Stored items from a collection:
━━━━━━
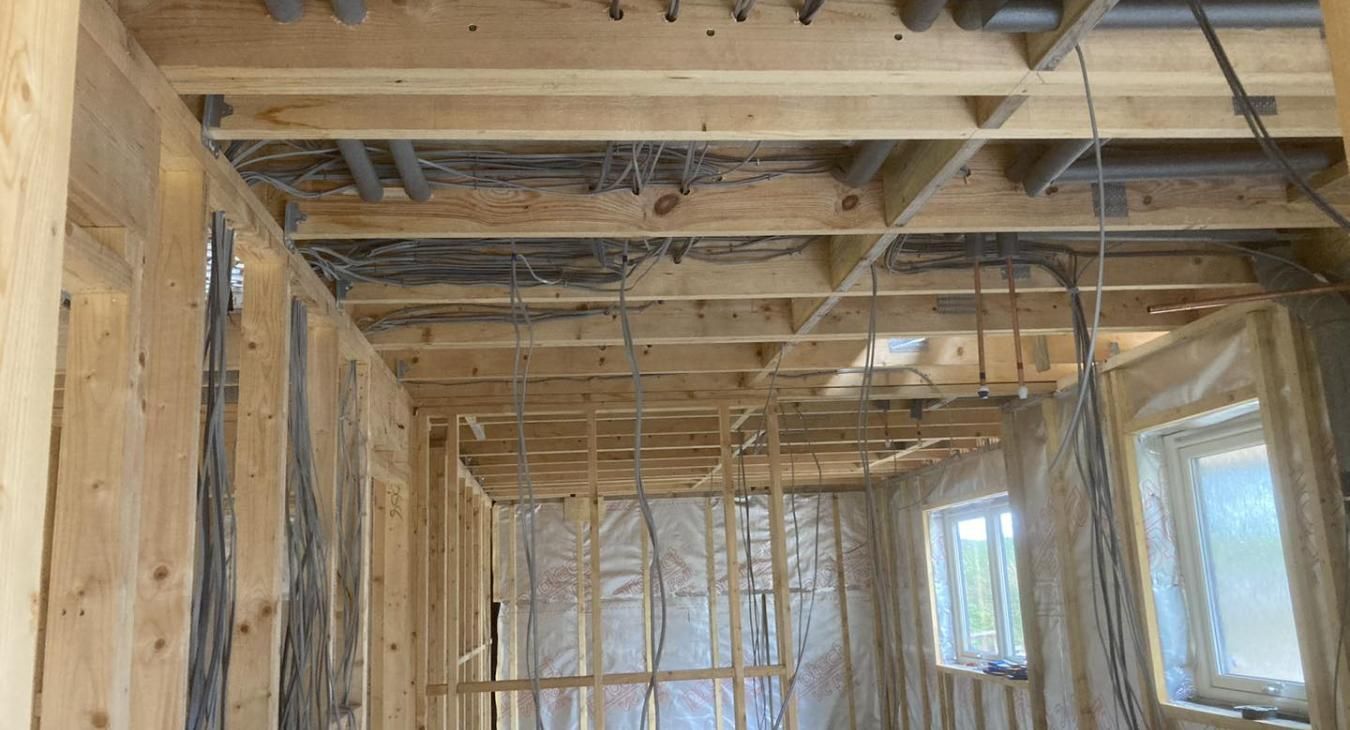 Interior view of a building under construction, showing wooden framing, exposed wires, and plumbing in the ceiling.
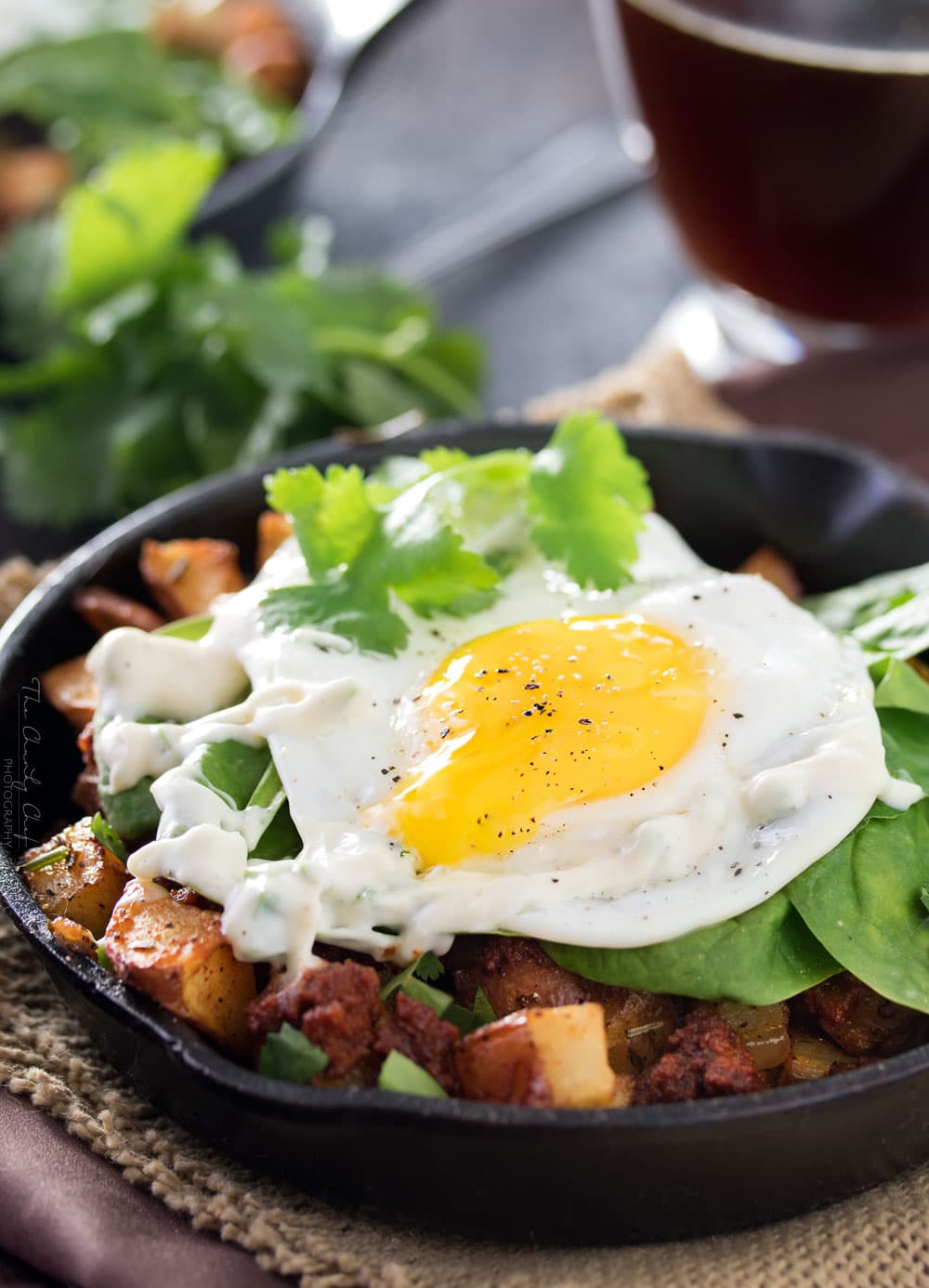 Chorizo Potato Hash with Jalapeno Aioli | Kick your breakfast up a notch with this delicious chorizo potato hash, topped with a sunny side up egg and drizzled with a homemade jalapeno aioli! |http://thechunkychef.com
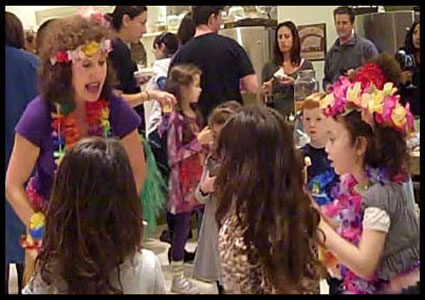 Daisy Doodle gives hula dance lesson at Hawaiian party in Manhattan nyc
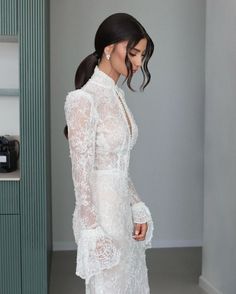 a woman in a white dress standing next to a wall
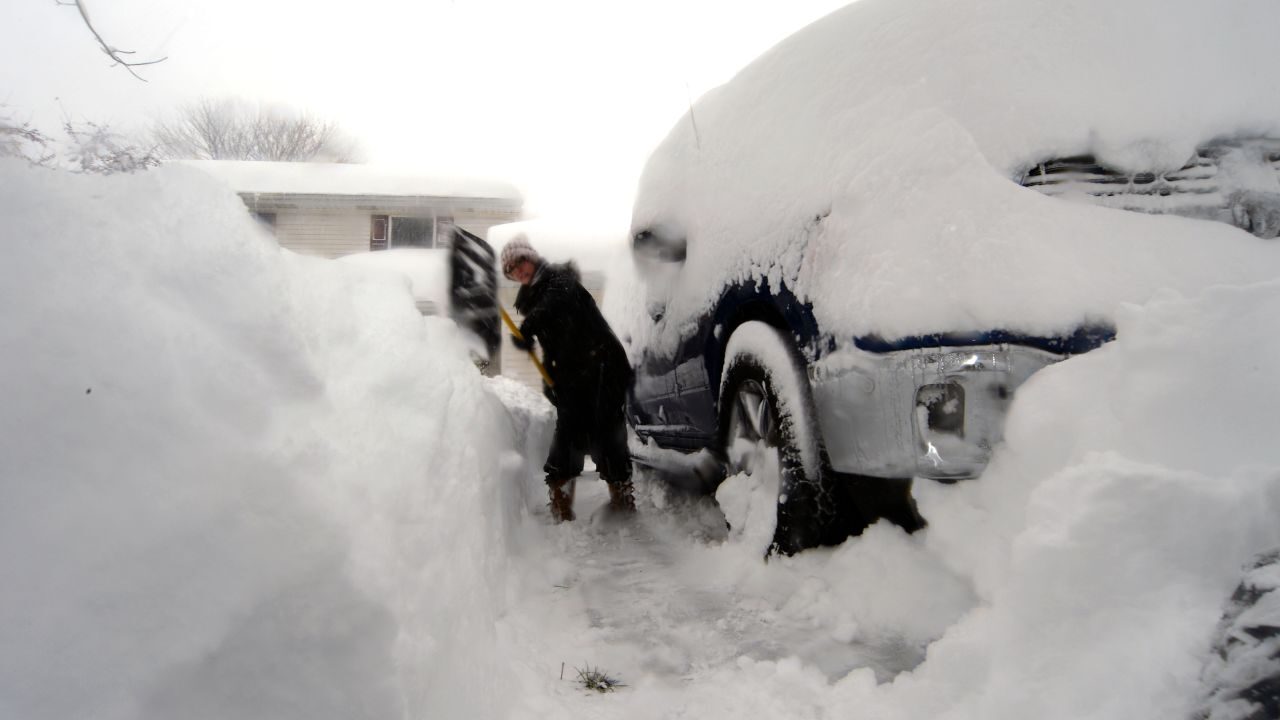 Heather Ahmed uses a shovel to dig a path next to a vehicle after an intense lake-effect snowstorm impacted the area Friday in Hamburg, New York.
━━━━━━
What you need to do.
Would you set down every line of the data above exactly, skipping the pictures?

Reply to the exercise.
 Interior view of a building under construction, showing wooden framing, exposed wires, and plumbing in the ceiling.
 Chorizo Potato Hash with Jalapeno Aioli | Kick your breakfast up a notch with this delicious chorizo potato hash, topped with a sunny side up egg and drizzled with a homemade jalapeno aioli! |http://thechunkychef.com
 Daisy Doodle gives hula dance lesson at Hawaiian party in Manhattan nyc
 a woman in a white dress standing next to a wall
 Heather Ahmed uses a shovel to dig a path next to a vehicle after an intense lake-effect snowstorm impacted the area Friday in Hamburg, New York.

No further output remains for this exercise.